Иаков сам ни разу не обмолвился о своих жестоких планах. Об аресте и предстоящей казни Жюли она узнала случайно от м-ль де Оринье, которой велено было молчать, но она случайно проговорилась.
Если бы Изабелла навлекла несчастье только лишь на себя одну, кто знает, быть может, в своем смирении она нашла бы себя утешение. Но осознание, что она стала первопричиной бед друзей, любимого человека, других безвинных людей, таких как м-ль д’Аргюзон, которая хоть и не была невинной овечкой, но ничего дурного Изабелле не сделала и вызывала скорее симпатию, чем враждебность, — все это сводило ее с ума.
Она обвиняла себя и в том, что посоветовала любовнице короля посадить своего сына на престол и увековечить свою кровь в династии королей Аквитанских, и в том, что не подписала указ, где приговорила бы Рони-Шерье к смерти, пусть утратив бы навсегда уважение Орсини, но дав ему возможность уехать живым и невредимым. Так, убедив себя, что во всех несчастиях виновата она сама, королева решила спасти положение, рискнув собственной жизнью, и некому было удержать ее.
Впервые Иаков увидел ее такой, с красными от гнева щеками и блеском ненависти в глазах, и он нашел ее восхитительной. Страха в ней не было, только бесконечная ненависть. Она резко захлопнула за собой дверь, и приказала сбитому с толку слуге выйти вон. Иаков чуть улыбнулся. Так ему было еще интереснее. Изабелла плеснула в бокал вина из графина и высыпала содержимое ампулы, которую принесла с собой.

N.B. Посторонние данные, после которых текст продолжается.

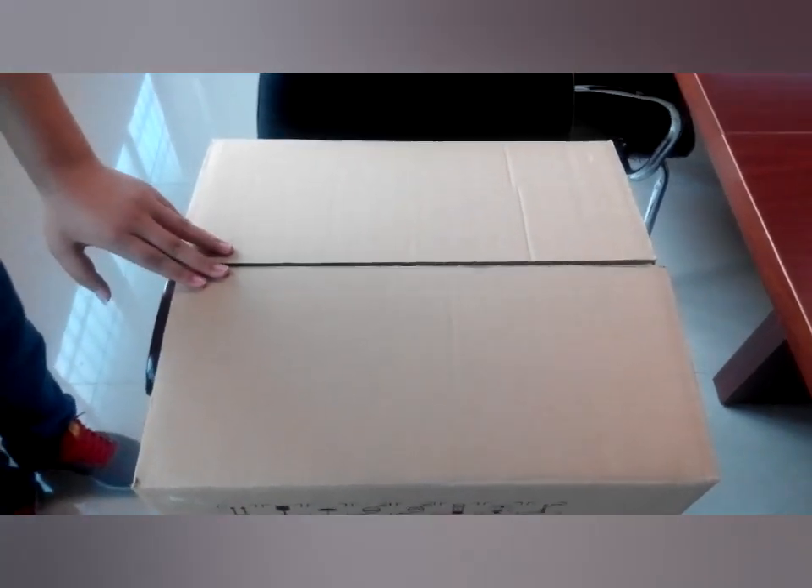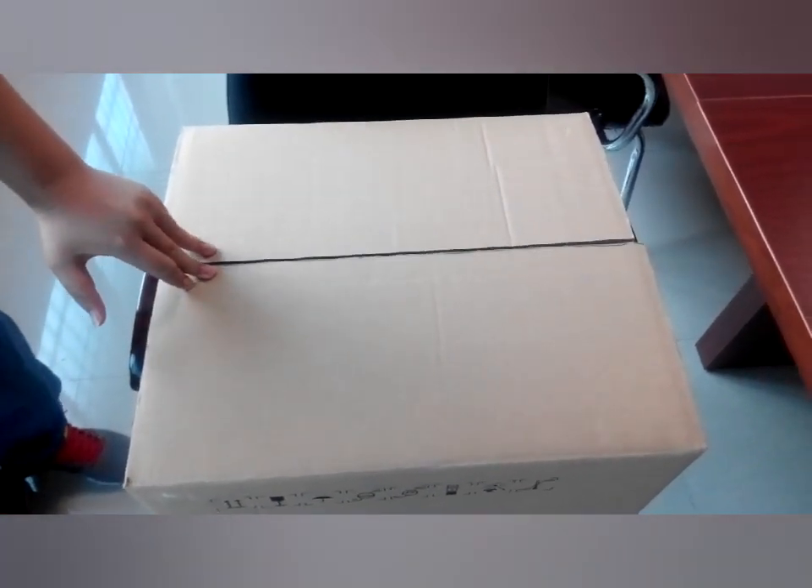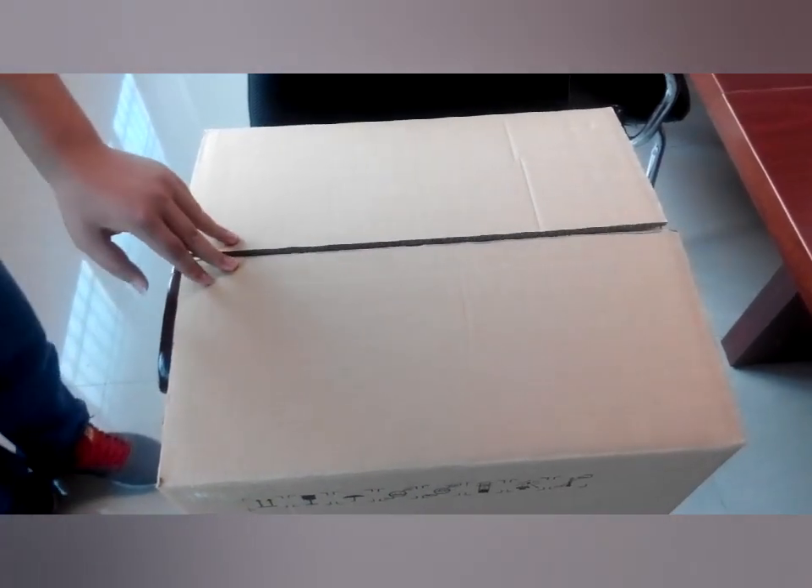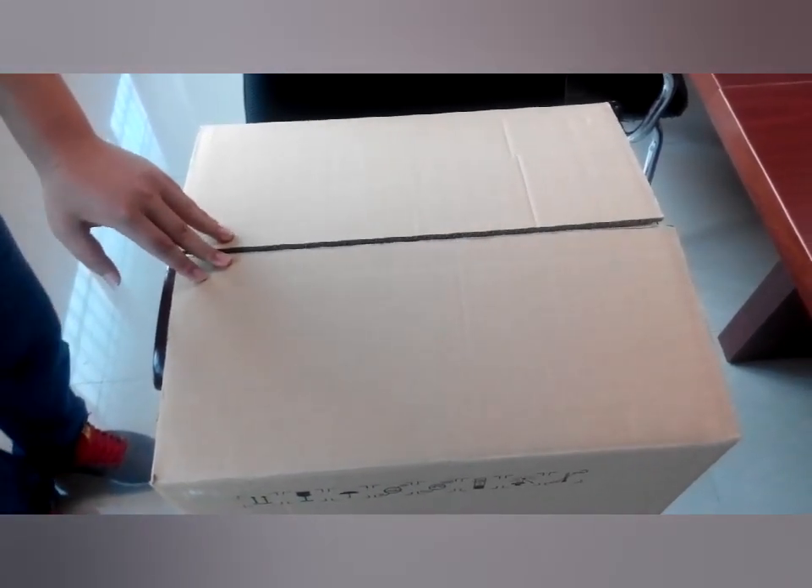Hello everyone. Thank you for your biochemistry analyzer. It's my honor to introduce how to install and how to test using this machine.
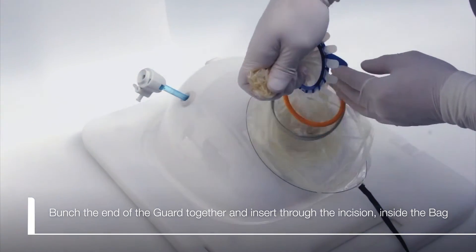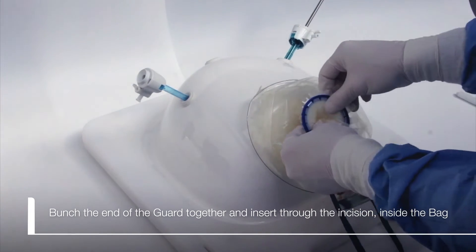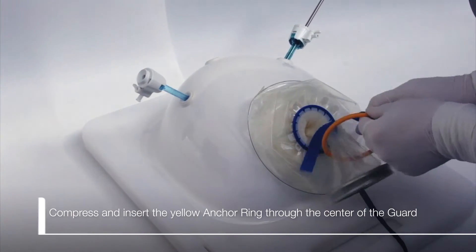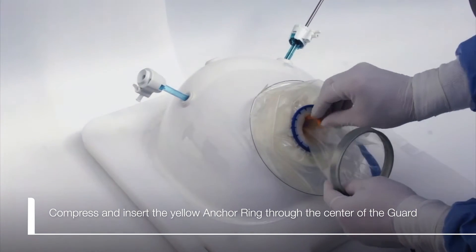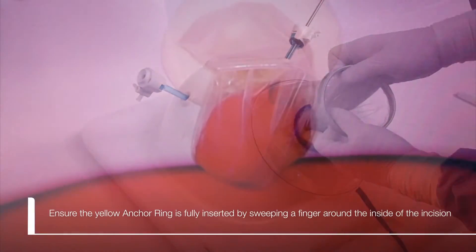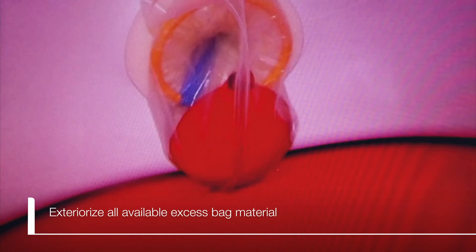Bunch the end of the guard together and insert through the incision. Insert the yellow anchor ring through the center of the guard. Ensure the yellow anchor ring is fully inserted by sweeping a finger around the inside of the incision. Exteriorize all available excess bag material.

— Вы выполните все, что я требую, Иаков, иначе я выпью этот яд теперь же, — заявила она. — И знайте, письмо, где я рассказываю брату, что вы за человек, уже в пути. Моя гибель не останется неотмщенной!
— Яд? — удивился король, протягивая к переливающемуся алым бокалу руку, унизанную драгоценными кольцами.